Questions about your training code / preprocessing

yshhrknmr opened this issue 4 years ago · comments

Yoshihiro Kanamori commented 4 years ago

Hi, this is amazing work. One of my students is trying to run your training code but struggling now. I'm pleased if you could kindly answer the following questions.

In "FSRN-CNN-train.py," the data for training and testing are loaded as single .npy files, i.e.,
X_train = np.load(dir_references+"X_train{}.npy".format(TRAIN_NUM))
X_train = np.array(X_train)
but the datasets are provided as separate files stored in different directories. What kind of preprocessing did you employ? For example, merely concatenating all the data into a single .npy file? In that case, I wonder if the GPU memory can hold huge data and what GPU you used.

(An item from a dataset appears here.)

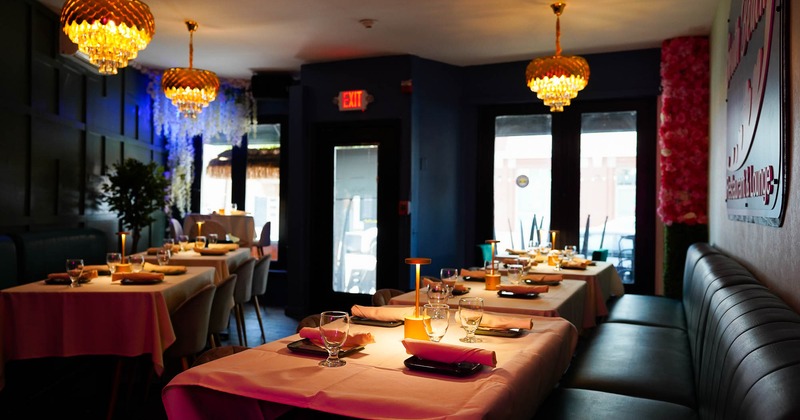 Interior, bench seating, tables ready for guests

My student assumed that the data shapes for training and validation are as follows (where N is the number of data). Is this understanding correct?

X_train: (N, 128, 128, 6) consisting of "render image (3ch)" and "reference image (3ch)"
y_train: (N, 128, 128, 11) consisting of "depth map", "normal map (3ch)", "render image (3ch)", "reference image (3ch)," and "scale" ("render image" and "reference image (3ch)" are the same as those of X_train)

If so, "scale" originally has a shape of (128,128,1) but you access the data via slices like [:,0:1,0:1] and [:,0:1,1:2]. How did you modify the shape of "scale"?

My student also wondered about the difference between the network's default input resolution (128x128) and those in the dataset (256x256). With which resolution did you train your network?